Description of the task -
Report, from the records below, every line where the word "Dark" appears.

Web page caption snippets:

= Beginning of Section =

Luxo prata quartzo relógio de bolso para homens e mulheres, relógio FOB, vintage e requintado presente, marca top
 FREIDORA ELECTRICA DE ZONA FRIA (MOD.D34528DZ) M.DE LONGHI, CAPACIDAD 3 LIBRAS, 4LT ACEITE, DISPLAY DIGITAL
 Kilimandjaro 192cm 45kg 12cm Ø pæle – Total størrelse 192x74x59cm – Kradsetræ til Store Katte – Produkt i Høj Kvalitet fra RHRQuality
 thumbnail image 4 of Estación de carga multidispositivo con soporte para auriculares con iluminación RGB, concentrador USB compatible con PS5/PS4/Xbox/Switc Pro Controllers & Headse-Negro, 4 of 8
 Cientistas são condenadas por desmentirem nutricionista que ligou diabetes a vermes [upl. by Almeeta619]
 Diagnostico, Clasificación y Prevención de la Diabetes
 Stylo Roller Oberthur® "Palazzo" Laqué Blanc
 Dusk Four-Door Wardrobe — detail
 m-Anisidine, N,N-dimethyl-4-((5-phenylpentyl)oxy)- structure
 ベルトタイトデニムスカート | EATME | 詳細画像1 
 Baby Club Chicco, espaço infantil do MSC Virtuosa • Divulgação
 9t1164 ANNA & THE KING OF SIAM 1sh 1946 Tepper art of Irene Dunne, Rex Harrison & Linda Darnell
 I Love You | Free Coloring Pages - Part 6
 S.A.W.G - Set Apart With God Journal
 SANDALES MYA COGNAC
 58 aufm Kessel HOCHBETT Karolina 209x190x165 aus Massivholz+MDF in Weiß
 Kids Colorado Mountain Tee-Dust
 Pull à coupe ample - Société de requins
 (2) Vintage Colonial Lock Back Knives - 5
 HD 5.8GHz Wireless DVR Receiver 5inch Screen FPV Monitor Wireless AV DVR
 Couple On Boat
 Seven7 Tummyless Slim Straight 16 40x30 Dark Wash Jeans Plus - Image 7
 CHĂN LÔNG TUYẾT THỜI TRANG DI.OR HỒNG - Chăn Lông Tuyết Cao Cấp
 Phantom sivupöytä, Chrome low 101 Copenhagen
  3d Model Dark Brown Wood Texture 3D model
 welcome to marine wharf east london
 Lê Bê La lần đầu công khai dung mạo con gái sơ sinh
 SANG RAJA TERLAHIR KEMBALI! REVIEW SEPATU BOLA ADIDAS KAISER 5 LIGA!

= End of Section =

Answer space -
 Seven7 Tummyless Slim Straight 16 40x30 Dark Wash Jeans Plus - Image 7
  3d Model Dark Brown Wood Texture 3D model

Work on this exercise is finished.